High-performance fluid power components can help improve efficiency and quality, reduce waste and energy consumption, as well as increase safety.
By Sumit Kapde, Global Business Development Manager, Robotics and Proportional Valves.
From improving efficiency and quality to reducing energy consumption to optimizing a skilled workforce, manufacturers are increasingly challenged by a confluence of pressures. One solution that manufacturers rely on to help meet these challenges is robotics. In the automotive industry alone, manufacturers have more than one million robots in operation, more than any other industry.1
Robots play a critical role in transforming the factory floor, and one element is particularly important: end-of-arm tooling. These components, placed at the end of a robotic arm, interact with the product or product elements to enable the robot to perform tasks, such as welding, painting or gripping.

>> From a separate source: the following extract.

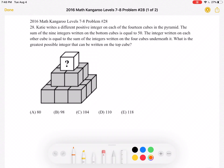This is the 2016 Math Kangaroo Level 7-8, Problem Number 28. Katie writes a different positive integer on each of the 14 cubes in the pyramid. The sum of the 9 integers written on the bottom cubes is equal to 50. The integer written on each other cube is equal to the sum of the integers written on the 4 cubes underneath it. What is the greatest possible integer that can be written on the top cube?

When combined with pneumatic power systems, end-of-arm tooling is key to making robotics effective factory automation tools.
Pneumatic solutions, which use power to generate motion and control various forms of media, are particularly well suited for a wide range of industrial applications, from force control and assembling to handling and cutting tasks. Operators use pneumatics to control air or gases at higher precision and speed. These solutions also offer high power density, reliability and robustness — all while supporting the need for improved efficiency, reduced waste and consumption — and they often provide a smaller footprint.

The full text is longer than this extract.